This work is a meditation on death as an ephemeral and transfigurative moment. After losing my mother a year ago, I experienced a shift in a fundamental body frequency to respond and process loss. 

This piece is demarcated into 4 states of loss as we are drawn out across them to imagine this both from the one dying and to the one who mourns. As we transfigure, we trans, “move across,” figure “form, shape, a figure of speech”.

I am therefore playing in-between these states, to explore dissonance that arises from this process through memory and reflecting on how we respond somatically as our internal landscapes change.

What arises are questions of transitory space, as you move from state to another, as you are transposed, what is left: a memory? a voice? or a frequency?
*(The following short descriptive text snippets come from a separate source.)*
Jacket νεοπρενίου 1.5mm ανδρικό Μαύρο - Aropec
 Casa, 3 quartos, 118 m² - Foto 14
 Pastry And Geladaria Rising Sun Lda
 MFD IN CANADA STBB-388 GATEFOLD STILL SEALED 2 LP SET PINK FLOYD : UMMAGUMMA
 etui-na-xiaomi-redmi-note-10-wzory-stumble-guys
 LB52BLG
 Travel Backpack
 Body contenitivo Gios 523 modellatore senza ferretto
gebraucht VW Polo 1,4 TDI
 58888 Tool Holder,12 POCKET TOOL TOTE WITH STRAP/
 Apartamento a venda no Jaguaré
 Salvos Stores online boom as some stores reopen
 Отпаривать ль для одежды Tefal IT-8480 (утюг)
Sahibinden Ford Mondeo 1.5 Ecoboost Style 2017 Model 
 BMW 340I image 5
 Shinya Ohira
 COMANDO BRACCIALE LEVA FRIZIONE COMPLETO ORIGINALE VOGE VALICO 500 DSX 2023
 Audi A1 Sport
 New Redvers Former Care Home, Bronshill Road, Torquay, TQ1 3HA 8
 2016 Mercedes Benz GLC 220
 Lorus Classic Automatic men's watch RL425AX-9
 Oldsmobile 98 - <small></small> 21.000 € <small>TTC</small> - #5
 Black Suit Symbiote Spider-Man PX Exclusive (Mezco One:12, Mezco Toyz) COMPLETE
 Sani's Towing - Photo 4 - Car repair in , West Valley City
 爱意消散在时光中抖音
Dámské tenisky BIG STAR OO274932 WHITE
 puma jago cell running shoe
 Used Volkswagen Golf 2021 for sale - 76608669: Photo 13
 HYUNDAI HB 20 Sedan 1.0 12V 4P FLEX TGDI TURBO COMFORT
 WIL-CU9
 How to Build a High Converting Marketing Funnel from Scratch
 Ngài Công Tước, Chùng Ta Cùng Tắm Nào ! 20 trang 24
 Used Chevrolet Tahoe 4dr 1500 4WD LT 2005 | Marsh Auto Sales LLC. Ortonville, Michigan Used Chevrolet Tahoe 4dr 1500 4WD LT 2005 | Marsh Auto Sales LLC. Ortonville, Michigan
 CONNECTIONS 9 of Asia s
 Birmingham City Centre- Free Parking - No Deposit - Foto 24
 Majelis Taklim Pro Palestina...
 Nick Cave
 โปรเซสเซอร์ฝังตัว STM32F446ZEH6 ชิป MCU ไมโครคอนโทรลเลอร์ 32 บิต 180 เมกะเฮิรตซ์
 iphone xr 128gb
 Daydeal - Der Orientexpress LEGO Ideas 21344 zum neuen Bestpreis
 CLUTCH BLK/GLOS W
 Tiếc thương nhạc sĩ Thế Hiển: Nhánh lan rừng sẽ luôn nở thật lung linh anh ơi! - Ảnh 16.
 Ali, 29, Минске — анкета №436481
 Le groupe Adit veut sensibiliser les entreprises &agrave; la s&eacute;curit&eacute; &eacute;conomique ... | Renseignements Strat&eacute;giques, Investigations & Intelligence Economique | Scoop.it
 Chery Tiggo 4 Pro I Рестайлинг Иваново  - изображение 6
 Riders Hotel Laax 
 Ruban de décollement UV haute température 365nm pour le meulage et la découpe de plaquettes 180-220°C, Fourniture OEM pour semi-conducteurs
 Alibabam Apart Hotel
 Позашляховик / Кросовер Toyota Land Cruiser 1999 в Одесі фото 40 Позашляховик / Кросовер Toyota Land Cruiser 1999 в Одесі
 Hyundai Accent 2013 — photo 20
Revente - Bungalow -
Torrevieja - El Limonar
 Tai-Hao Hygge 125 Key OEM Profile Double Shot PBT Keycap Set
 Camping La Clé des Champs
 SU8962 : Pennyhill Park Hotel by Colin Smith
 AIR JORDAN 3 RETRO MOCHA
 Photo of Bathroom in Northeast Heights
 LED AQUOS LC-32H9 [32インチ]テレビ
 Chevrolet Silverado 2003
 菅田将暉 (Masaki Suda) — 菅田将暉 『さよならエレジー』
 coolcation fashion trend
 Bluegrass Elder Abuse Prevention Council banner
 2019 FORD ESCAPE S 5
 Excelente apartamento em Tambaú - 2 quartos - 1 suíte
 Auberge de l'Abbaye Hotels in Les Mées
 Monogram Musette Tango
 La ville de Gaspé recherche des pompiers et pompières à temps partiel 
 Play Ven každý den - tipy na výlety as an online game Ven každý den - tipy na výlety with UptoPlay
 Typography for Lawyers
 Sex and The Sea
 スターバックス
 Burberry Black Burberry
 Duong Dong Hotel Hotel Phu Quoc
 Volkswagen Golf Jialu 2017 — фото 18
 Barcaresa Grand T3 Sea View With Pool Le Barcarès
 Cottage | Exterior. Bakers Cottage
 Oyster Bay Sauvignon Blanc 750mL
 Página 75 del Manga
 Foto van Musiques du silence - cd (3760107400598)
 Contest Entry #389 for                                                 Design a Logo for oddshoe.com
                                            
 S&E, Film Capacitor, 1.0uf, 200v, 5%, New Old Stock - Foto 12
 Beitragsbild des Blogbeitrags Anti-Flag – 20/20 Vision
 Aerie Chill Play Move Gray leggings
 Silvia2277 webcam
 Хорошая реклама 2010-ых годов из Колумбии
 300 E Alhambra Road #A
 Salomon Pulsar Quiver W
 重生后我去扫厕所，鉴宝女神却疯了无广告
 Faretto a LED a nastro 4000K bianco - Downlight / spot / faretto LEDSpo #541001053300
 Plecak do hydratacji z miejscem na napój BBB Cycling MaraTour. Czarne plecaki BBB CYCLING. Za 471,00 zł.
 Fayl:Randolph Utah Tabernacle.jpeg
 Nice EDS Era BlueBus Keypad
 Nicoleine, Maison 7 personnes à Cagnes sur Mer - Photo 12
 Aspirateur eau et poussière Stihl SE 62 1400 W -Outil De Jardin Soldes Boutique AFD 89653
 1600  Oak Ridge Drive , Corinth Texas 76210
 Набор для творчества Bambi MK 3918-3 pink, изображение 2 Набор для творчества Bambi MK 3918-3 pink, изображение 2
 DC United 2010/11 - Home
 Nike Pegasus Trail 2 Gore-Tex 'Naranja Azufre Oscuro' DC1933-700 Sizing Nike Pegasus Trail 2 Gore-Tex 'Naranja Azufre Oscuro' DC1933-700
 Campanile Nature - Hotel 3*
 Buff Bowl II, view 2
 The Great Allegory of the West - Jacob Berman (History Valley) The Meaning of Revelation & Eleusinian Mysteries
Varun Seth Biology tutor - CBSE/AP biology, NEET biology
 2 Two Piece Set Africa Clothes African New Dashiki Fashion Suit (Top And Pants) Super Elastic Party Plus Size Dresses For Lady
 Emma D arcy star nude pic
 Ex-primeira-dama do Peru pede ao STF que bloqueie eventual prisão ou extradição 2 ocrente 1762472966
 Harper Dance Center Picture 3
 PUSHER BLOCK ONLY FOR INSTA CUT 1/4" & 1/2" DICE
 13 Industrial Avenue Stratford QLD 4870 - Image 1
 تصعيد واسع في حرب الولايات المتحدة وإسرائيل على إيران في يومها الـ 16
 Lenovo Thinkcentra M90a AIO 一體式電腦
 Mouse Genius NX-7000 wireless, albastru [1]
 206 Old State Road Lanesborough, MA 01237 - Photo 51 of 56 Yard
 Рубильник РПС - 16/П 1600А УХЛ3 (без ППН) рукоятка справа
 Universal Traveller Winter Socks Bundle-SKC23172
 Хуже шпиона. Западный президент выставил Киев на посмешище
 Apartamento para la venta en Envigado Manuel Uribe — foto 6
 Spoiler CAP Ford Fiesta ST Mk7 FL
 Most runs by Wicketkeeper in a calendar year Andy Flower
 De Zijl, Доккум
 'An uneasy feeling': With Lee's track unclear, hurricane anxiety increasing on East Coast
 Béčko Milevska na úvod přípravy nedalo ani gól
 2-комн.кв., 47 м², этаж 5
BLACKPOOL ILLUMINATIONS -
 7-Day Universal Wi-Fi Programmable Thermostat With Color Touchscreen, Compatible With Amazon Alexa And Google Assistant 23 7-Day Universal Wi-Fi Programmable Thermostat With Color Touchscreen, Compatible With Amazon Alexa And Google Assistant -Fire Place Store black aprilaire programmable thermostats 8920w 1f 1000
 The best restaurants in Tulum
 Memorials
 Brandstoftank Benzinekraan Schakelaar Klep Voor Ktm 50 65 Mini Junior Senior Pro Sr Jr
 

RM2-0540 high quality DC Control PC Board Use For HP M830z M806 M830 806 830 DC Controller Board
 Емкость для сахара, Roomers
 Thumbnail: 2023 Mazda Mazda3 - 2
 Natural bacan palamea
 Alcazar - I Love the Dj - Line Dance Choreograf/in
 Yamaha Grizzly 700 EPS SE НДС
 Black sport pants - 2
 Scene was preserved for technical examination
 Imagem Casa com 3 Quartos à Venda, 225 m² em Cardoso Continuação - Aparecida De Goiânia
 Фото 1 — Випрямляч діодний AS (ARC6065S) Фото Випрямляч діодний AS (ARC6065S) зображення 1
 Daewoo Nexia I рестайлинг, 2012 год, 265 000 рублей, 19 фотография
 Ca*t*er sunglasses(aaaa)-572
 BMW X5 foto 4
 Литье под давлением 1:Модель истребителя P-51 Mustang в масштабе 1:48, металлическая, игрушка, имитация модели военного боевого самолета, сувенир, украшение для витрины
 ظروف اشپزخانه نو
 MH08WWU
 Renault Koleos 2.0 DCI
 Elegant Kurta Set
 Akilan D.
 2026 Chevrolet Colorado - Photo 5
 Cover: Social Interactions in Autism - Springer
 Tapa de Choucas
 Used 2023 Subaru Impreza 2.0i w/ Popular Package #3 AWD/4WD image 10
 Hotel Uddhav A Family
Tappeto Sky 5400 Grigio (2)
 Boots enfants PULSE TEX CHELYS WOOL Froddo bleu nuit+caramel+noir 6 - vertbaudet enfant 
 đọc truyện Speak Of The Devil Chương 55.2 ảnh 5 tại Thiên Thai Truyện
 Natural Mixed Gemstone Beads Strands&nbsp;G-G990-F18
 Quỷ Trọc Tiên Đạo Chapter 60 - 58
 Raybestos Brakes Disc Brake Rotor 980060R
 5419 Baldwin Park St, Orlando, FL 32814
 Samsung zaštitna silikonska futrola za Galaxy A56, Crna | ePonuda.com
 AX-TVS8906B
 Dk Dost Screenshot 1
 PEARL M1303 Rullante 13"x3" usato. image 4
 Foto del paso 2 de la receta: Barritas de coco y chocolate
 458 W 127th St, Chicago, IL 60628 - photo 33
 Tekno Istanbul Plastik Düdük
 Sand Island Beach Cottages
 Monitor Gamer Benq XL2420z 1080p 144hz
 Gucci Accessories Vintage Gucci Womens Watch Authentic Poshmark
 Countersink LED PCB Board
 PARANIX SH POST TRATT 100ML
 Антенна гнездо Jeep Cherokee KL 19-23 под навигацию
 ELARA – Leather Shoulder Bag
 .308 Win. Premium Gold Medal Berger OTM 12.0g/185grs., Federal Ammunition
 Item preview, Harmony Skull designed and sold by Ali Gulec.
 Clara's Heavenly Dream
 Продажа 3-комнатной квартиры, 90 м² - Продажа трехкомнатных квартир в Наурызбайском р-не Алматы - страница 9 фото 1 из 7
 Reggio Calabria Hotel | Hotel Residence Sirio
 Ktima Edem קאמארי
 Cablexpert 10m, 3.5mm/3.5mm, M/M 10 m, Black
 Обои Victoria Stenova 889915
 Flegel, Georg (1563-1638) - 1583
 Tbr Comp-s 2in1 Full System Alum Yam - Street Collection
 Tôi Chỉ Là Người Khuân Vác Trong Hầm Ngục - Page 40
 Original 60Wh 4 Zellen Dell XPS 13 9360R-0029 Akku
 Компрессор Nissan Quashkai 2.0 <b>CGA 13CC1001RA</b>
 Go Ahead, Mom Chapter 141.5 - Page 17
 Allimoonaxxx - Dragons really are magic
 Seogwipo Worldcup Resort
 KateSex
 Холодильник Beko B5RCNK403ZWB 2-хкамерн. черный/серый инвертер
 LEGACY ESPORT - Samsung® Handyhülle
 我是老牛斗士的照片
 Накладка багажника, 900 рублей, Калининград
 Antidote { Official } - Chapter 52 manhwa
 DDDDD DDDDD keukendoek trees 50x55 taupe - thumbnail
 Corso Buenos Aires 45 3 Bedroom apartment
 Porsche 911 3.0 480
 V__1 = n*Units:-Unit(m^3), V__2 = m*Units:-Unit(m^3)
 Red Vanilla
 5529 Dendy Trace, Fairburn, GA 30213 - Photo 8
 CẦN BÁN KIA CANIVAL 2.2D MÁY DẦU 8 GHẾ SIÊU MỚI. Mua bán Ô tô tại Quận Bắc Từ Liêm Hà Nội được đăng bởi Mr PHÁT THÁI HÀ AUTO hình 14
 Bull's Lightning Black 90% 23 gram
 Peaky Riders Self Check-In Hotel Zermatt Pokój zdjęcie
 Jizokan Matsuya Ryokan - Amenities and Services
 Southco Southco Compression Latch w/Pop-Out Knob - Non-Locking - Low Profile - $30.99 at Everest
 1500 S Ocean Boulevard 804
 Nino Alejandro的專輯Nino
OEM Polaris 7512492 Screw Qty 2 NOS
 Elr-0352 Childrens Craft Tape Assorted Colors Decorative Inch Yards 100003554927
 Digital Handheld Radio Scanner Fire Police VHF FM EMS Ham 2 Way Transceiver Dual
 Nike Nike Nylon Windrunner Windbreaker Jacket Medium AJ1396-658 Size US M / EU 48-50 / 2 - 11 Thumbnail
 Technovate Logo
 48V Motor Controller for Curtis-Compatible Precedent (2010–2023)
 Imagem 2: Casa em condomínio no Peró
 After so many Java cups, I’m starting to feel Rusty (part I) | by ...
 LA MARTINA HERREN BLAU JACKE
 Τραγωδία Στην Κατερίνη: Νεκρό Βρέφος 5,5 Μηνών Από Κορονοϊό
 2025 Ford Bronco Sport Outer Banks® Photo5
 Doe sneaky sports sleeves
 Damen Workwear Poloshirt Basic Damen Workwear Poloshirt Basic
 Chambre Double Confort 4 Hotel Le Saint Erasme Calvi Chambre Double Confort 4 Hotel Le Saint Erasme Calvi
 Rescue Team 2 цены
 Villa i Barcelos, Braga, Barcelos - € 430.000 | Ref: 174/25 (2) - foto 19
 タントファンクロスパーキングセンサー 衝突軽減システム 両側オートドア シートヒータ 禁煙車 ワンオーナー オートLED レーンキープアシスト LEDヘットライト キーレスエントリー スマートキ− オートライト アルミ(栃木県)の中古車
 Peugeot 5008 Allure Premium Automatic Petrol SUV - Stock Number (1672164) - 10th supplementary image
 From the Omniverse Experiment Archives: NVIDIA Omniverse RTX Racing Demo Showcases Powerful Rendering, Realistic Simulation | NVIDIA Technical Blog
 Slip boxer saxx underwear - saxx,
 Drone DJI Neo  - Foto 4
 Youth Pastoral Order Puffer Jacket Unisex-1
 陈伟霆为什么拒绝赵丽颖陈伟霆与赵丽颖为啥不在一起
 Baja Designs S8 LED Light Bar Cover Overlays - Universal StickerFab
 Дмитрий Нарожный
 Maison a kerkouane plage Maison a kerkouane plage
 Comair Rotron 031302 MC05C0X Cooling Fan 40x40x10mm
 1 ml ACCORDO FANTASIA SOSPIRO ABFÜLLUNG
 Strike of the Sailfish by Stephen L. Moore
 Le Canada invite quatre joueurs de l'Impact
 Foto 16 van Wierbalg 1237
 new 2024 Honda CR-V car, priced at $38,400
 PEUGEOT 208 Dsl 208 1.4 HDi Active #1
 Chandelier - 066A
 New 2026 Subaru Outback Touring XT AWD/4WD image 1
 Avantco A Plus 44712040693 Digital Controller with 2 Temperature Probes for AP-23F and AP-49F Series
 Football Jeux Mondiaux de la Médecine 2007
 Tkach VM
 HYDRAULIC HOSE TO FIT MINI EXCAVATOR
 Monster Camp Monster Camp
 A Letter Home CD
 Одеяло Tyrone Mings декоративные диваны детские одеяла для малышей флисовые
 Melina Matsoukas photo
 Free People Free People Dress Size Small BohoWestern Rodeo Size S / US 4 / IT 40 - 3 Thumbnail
Eitan Ritz is an artist, dancer and composer exploring bodies and space as sites of congealment. His interests centre around how we foment a sense of home through daily circadian rhythms. He sees the body as the site of these processes and looks to explore its potential for proprioception. This interest is in part indebted to growing up in a Jewish household where diasporic thinking has played a crucial role in how Ritz relates to space. His family constantly had to re-create a sense of home since fleeing Europe and adapting to life in various cultures, until finally settling in Australia.

Ritz completed his Bachelor’s in Fine Arts (Visual Arts) at the Victorian College of the Arts in 2014, where he first began to consider the body and the everyday as sites of exploration and creation. This led him to spend 2016 studying the dance compositions of Noa Eshkol through the Eshkol-Wachmann (EW) Movement Notation in Israel. There, Ritz gained an introspection into the moving body and developed a fascination with the role of language within. This interest convinced him to study a Master’s in Applied Linguistics in 2018, through which he could re-contextualise dance and sound from the lens of language.

Throughout his time with GlogauAIR, Ritz has worked to draw out all these threads: the body, language and sound — to explore what locates and dis-locates his sense of home. He has been excited by how our sounds and gestures are a subconscious embodiment of space which situates us in both abstract space and a historically contingent landscape.